• Material provided:
****************************************

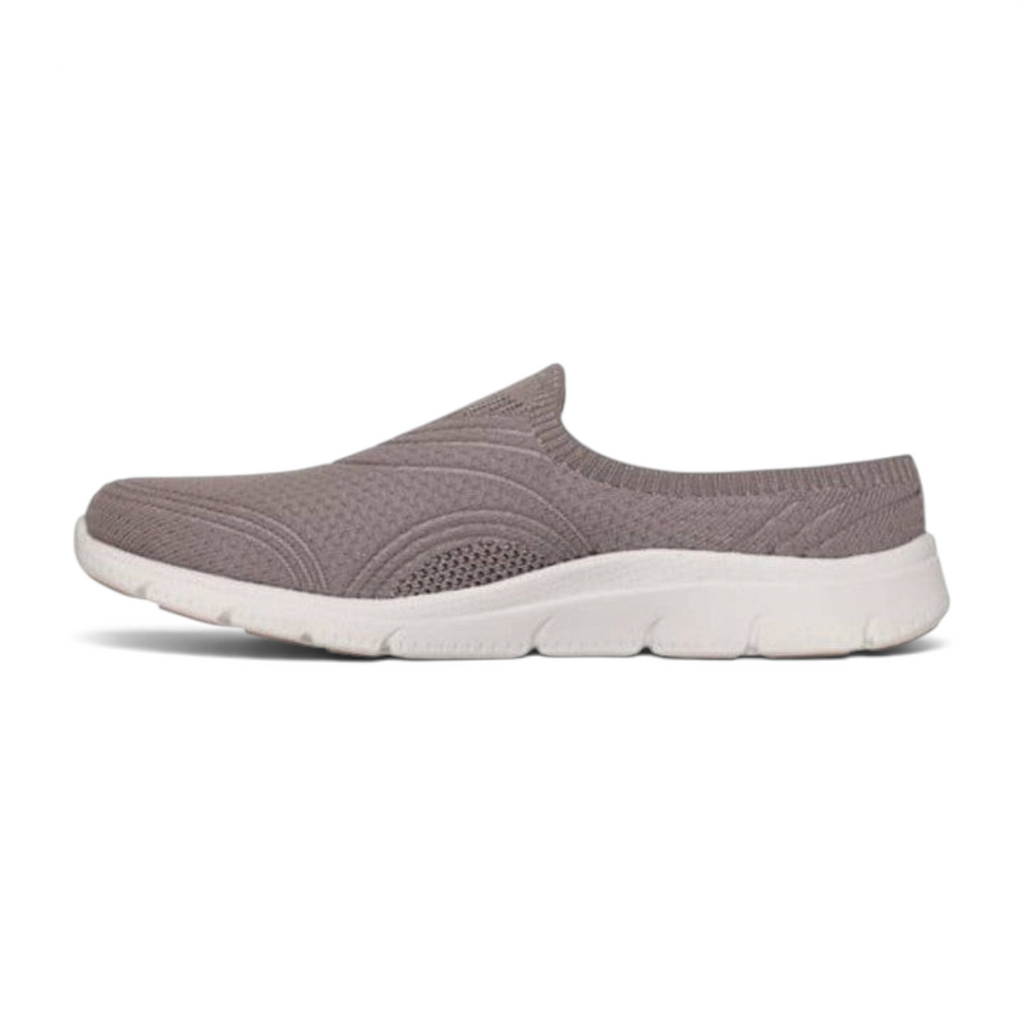 FRG Skechers Arch Fit Refine 2.0 taupe vegan slip-on sneaker with stretch-knit upper and white cushioned sole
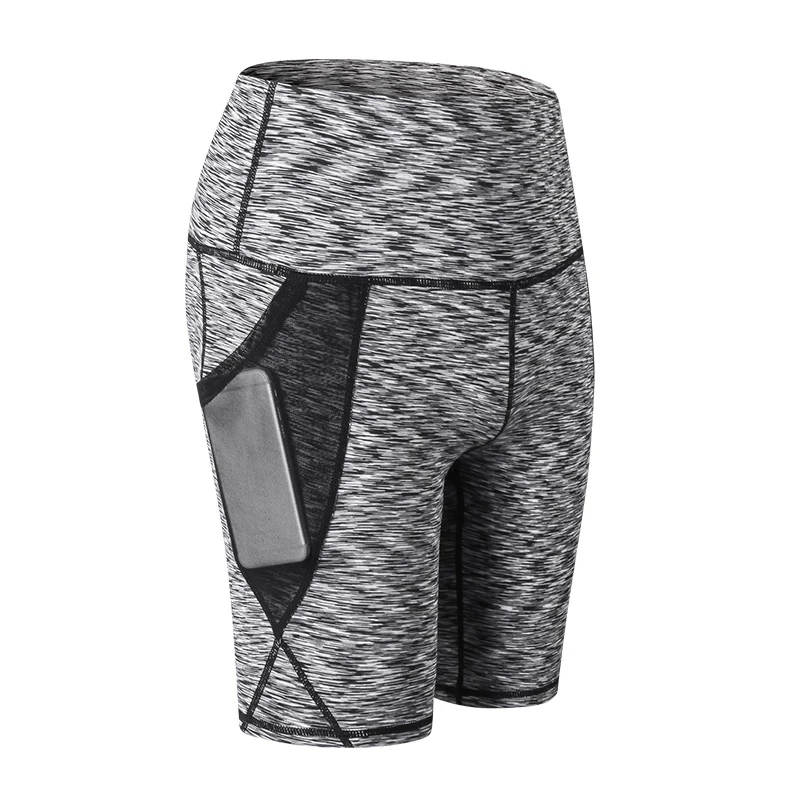 

New Net Pockets Design Yoga Shorts Women Compression Quick Dry Gym Shorts Workout Fitness Black Running Athletic Sport Shorts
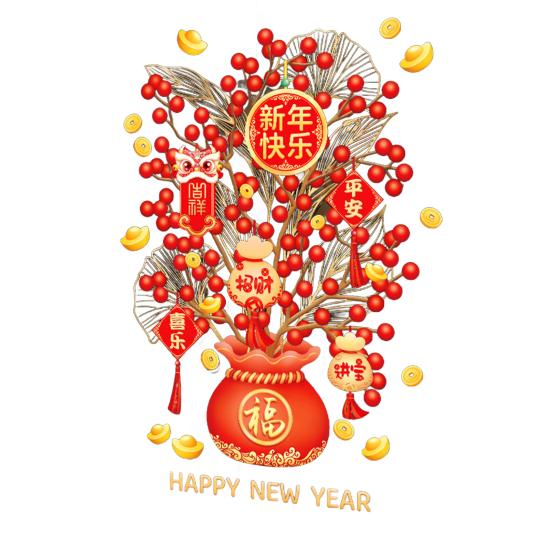 Китайский Новый год Наклейка на окно Денежное дерево Наклейка на стеклянную дверь Неклеящаяся статическая наклейка Наклейки на окна для декора весеннего фестиваля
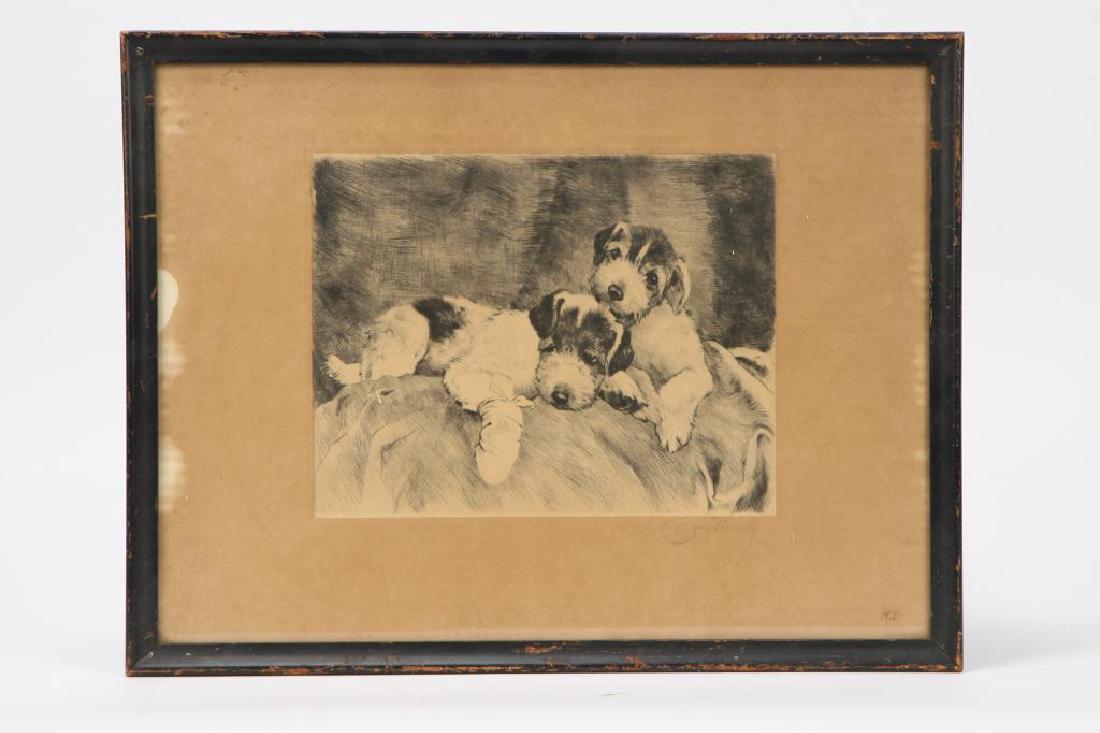 (Early 20th c) WELCH ETCHING OF TERRIERS (1 of 4)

****************************************

• Goal of the exercise:
Leaving every picture out, output the data exactly as it stands.

• Solution for this problem:
 FRG Skechers Arch Fit Refine 2.0 taupe vegan slip-on sneaker with stretch-knit upper and white cushioned sole

New Net Pockets Design Yoga Shorts Women Compression Quick Dry Gym Shorts Workout Fitness Black Running Athletic Sport Shorts
 Китайский Новый год Наклейка на окно Денежное дерево Наклейка на стеклянную дверь Неклеящаяся статическая наклейка Наклейки на окна для декора весеннего фестиваля
 (Early 20th c) WELCH ETCHING OF TERRIERS (1 of 4)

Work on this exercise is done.